» **Directions for this task**: Retype only what runs from the line with "Image 1 : Huge" through the end of the entries, exactly and in full, but omit any picture you find.

» **Records to process**:
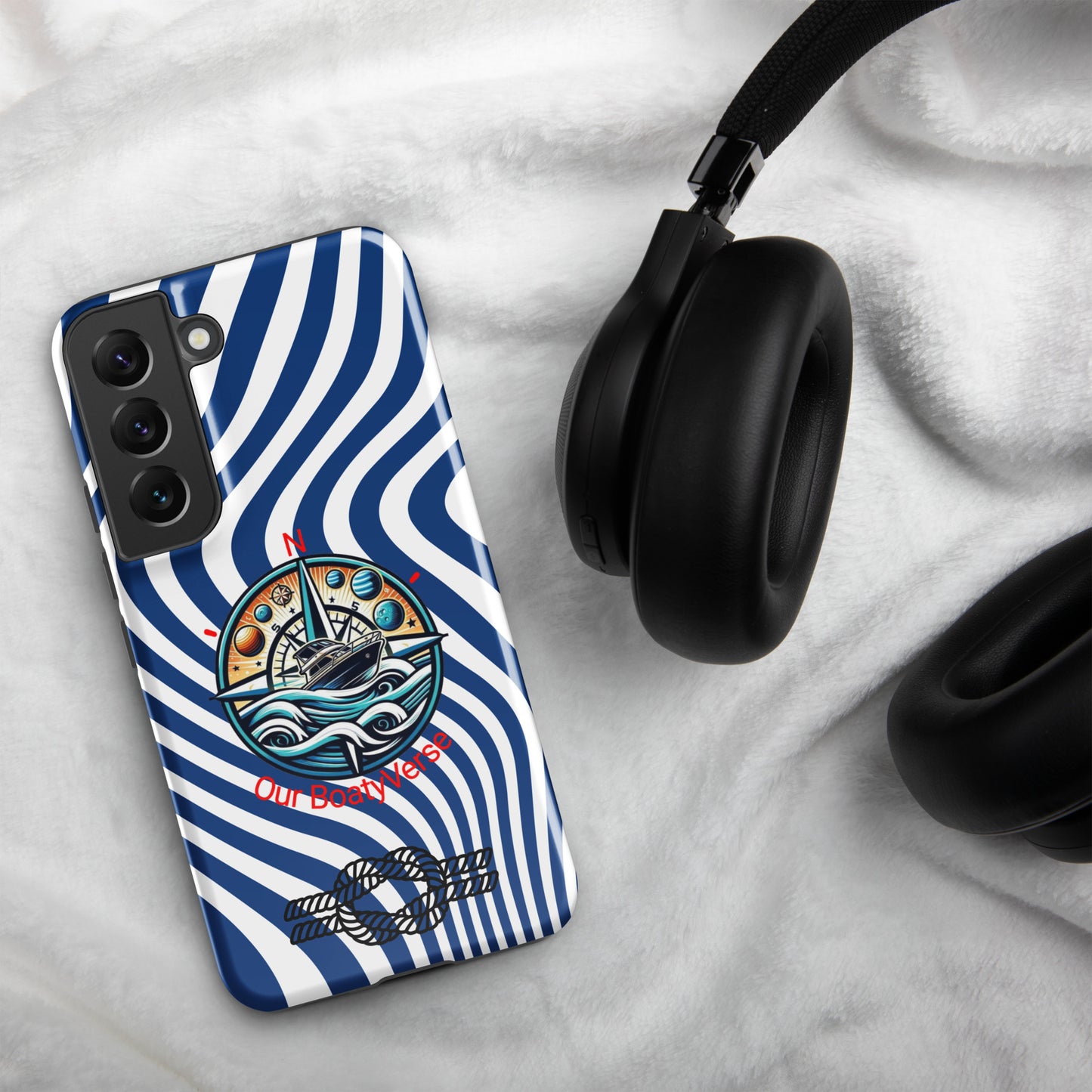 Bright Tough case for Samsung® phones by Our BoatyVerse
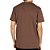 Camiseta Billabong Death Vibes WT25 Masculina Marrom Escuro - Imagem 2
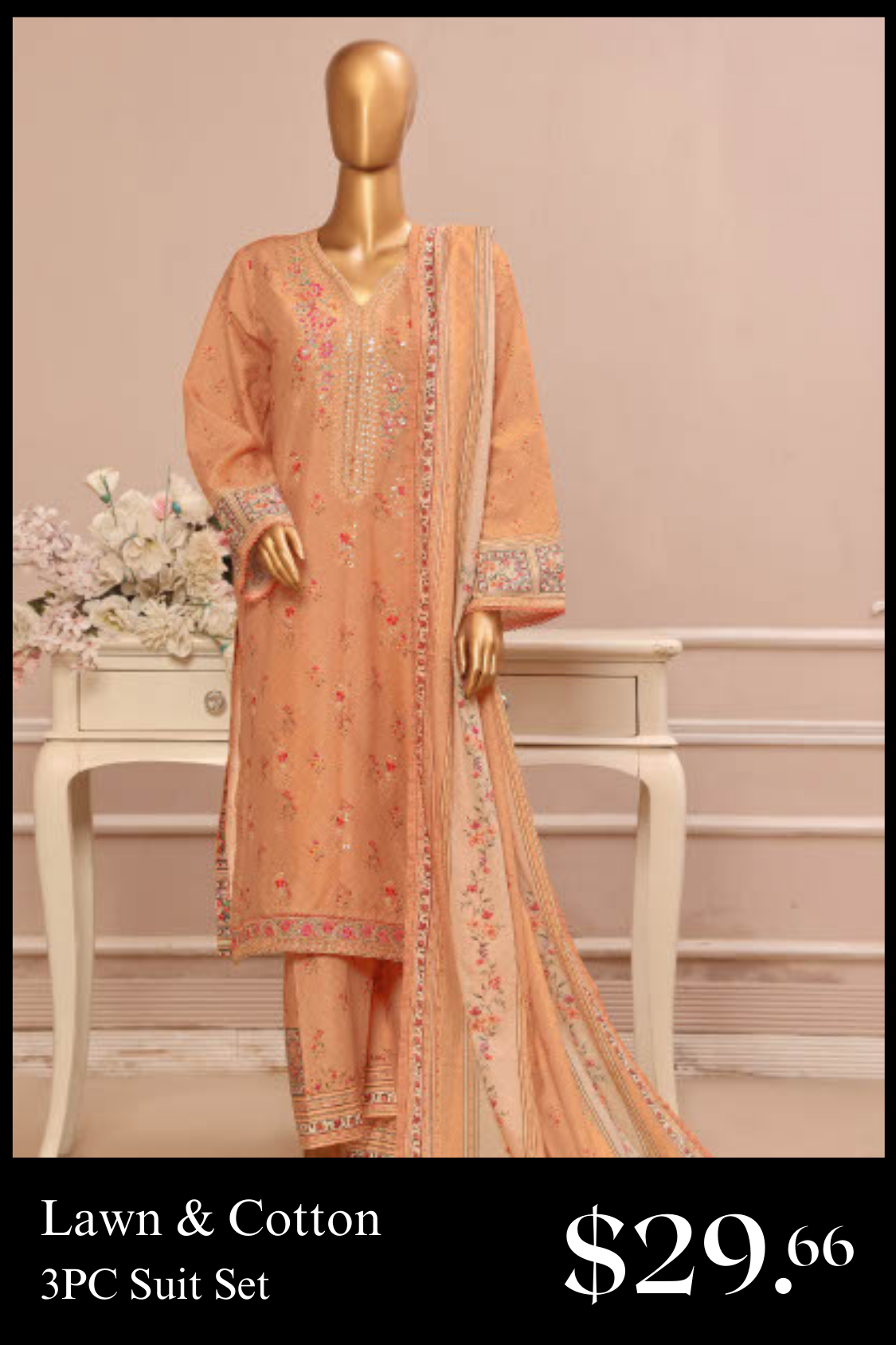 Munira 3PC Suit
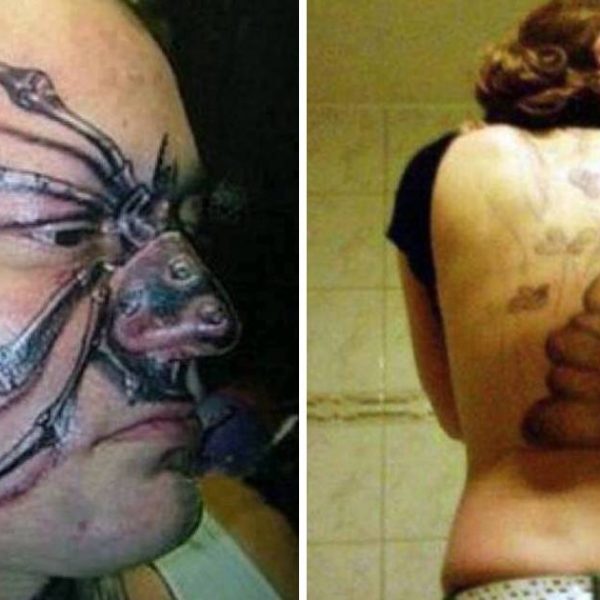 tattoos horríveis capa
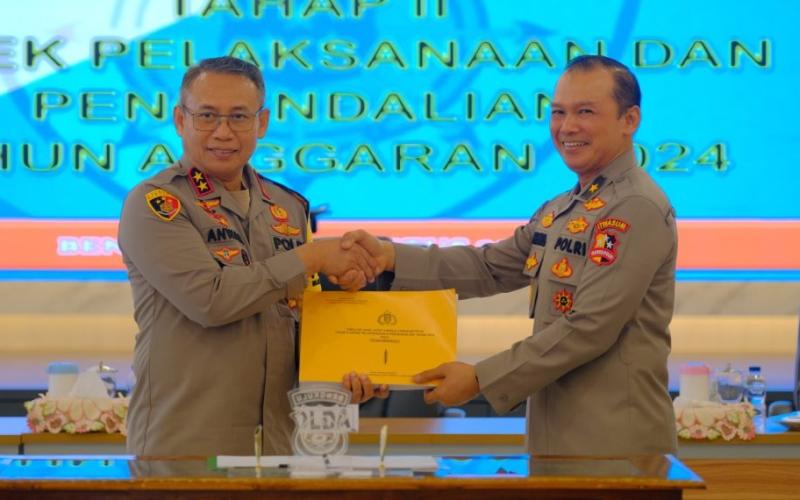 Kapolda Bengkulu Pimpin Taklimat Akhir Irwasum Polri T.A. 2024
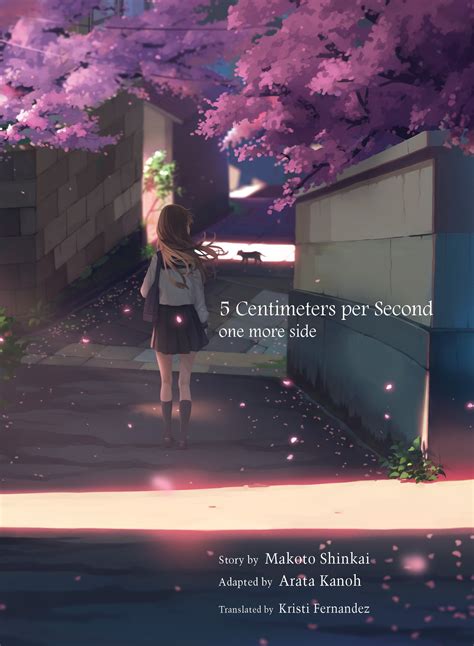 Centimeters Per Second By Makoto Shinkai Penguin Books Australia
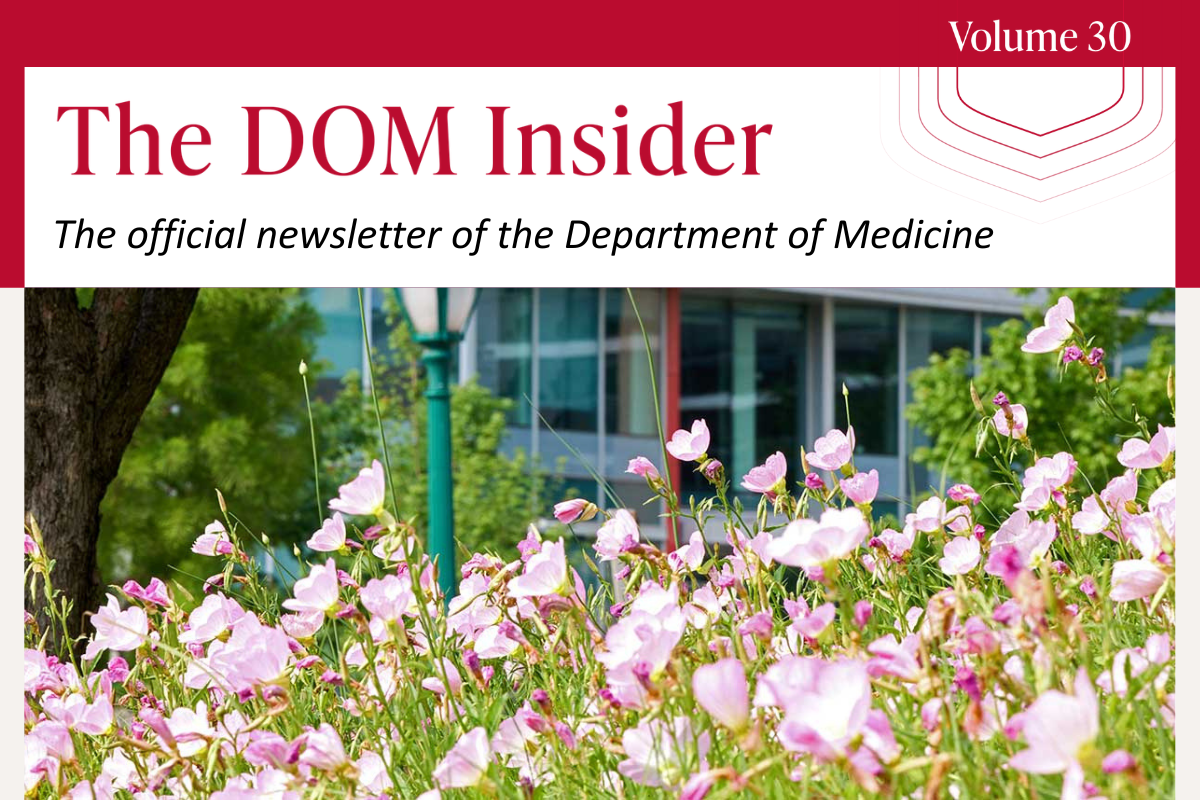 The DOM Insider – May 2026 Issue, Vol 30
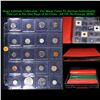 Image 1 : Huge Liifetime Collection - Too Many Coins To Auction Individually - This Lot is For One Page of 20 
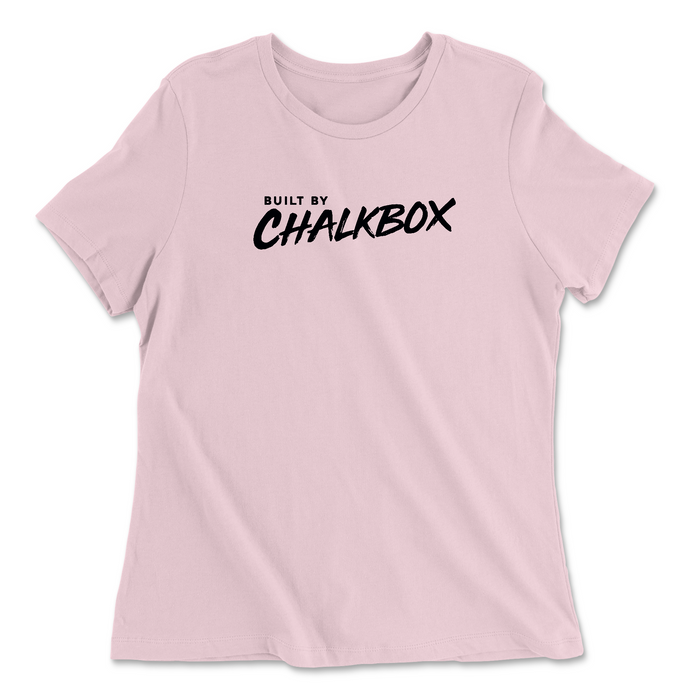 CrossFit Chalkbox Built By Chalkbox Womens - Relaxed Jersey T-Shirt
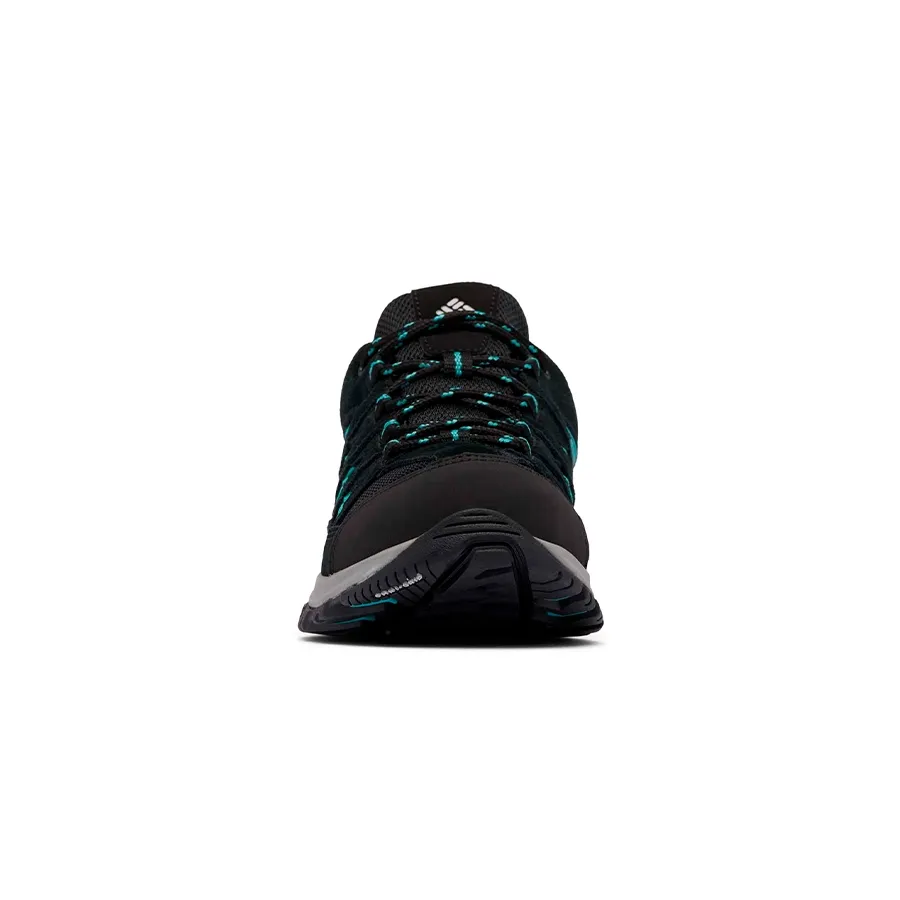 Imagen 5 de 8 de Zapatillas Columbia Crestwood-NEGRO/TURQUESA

» **Expected answer**:
 Image 1 : Huge Liifetime Collection - Too Many Coins To Auction Individually - This Lot is For One Page of 20 
 CrossFit Chalkbox Built By Chalkbox Womens - Relaxed Jersey T-Shirt
 Imagen 5 de 8 de Zapatillas Columbia Crestwood-NEGRO/TURQUESA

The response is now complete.